24 March 2026 - Pause... Protect your business from scams today

March 24, 2026|2:00 PM BST

AI-fueled scams are exploding in 2026, costing businesses billions in losses just as new fraud-monitoring regulations take effect in March.

Key takeaways

  • Fraud attempts rose 67% in the past year, driven by AI tools enabling sophisticated deepfakes and synthetic identities that bypass traditional defenses.
  • Business email compromise incidents now average $137,000 in losses, affecting small firms most acutely through disrupted operations and eroded trust.
  • New Nacha rules requiring proactive ACH fraud monitoring start March 20, forcing banks and companies to upgrade systems or face enforcement actions.

Escalating Fraud Landscape

Scams targeting businesses have intensified in early 2026, propelled by advances in artificial intelligence that allow fraudsters to create convincing deepfakes and automated attacks. Losses from consumer fraud alone hit $12.5 billion in 2025, a 25% jump from the prior year, with business-specific schemes like email compromise and push payment fraud contributing significantly. This surge coincides with economic pressures, including over 1.17 million layoffs in 2025, making desperate job seekers and strained companies prime targets for impersonation and investment cons.
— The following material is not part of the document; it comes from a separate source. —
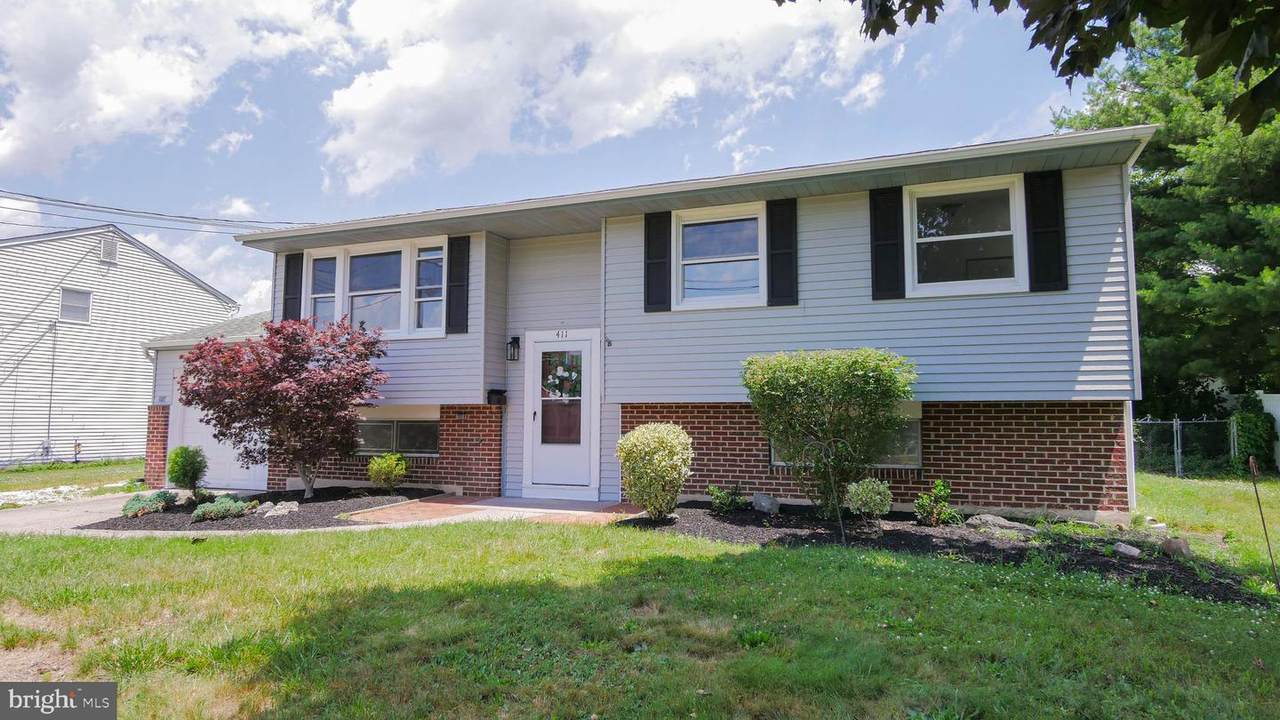 411 Hudson Avenue - Photo 1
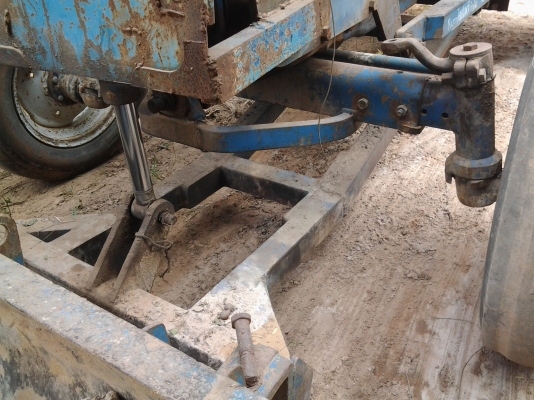 FORD 6600 เสื้อเรีบ ไอดีกลม ปั้มเหลี่ยม หาง3 ใบดันเล่มทะเบียนพร้อมชุดโอน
Small and medium enterprises bear the brunt, lacking robust cybersecurity resources to counter tactics such as QR code tampering or SIM-swap fraud, known as smooshing. Phishing remains the top vector, evolving into multi-channel assaults that blend emails, texts, and voice cloning to extract credentials or funds. Cryptocurrency-related 'pig butchering' schemes, where fraudsters build false relationships before pushing bogus investments, drained $672 million from victims in 2024, a trend accelerating with AI's ability to scale personalized deception.

Regulatory responses add urgency, with Nacha's new rules mandating risk-based monitoring for unauthorized and false-pretenses payments effective March 20 for larger institutions and June 19 for others. Non-compliance could trigger audits, fines, or halted transactions, potentially costing non-adopters millions in operational disruptions. The SCAM Act, introduced in February, aims to hold online platforms accountable for fraudulent ads, while broader enforcement from the FTC and DOJ targets customs and trade fraud amid rising tariffs.

Less visible tensions arise in balancing security with user experience: stricter authentication slows onboarding, potentially driving customers away, while over-reliance on AI detection risks false positives that alienate legitimate users. First-party fraud, where individuals misuse their own accounts, blurs lines between victim and perpetrator, complicating recovery efforts. Stakeholder conflicts emerge too, as banks push for consortium data-sharing to spot patterns, but privacy concerns and competitive interests slow adoption.